Clearly, the need to diversify can be viewed through different lenses. For Lynch, it translates into an exciting musical environment that speaks to his needs as a serious musician.
“I like to make music, so why not keep things interesting?” he asks. “It´s natural for me to explore different musical situations, because [doing so] reflects my musical interests.”
For local musician Rodney Appleby, many of the problems faced by local independent musicians are of their own making.
“Not much has really changed,” he says. “Some musicians are still working for the same money as 50 years ago. Musicians have always been their own worst enemies. Business just isn´t their strong point. Most musicians treat it more like a hobby than a profession. Playing for free, for exposure, undercutting each other, spending large sums of money on gear that will never produce any revenue.. venue.”

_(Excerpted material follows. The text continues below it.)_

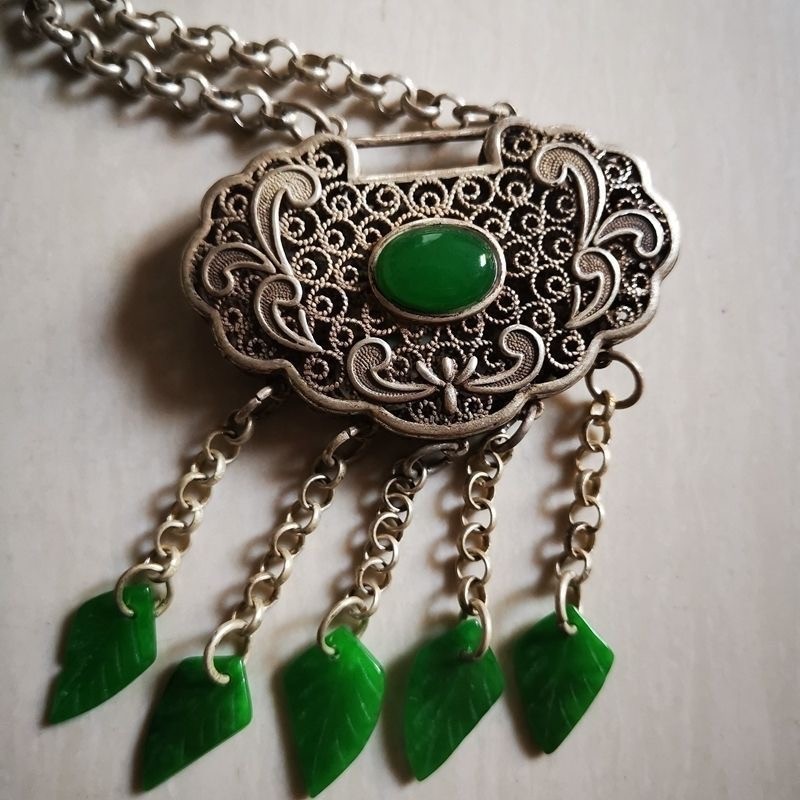 Collect Antique China Silver gemstone pendant Gem Jewelry pendant jade pendant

McManus suggests that, as much as things have changed in the music industry — and there can be no doubt that they have — the song remains the same.
“It is in some ways the same as it has always been. It’s just that now, there are more uncharted options to learn. The bottom line is still the same, though. You have to do whatever you can to reach people, and turn them on to your music. What’s different is that now, it´s mostly up to the musician to be in control of what they do.”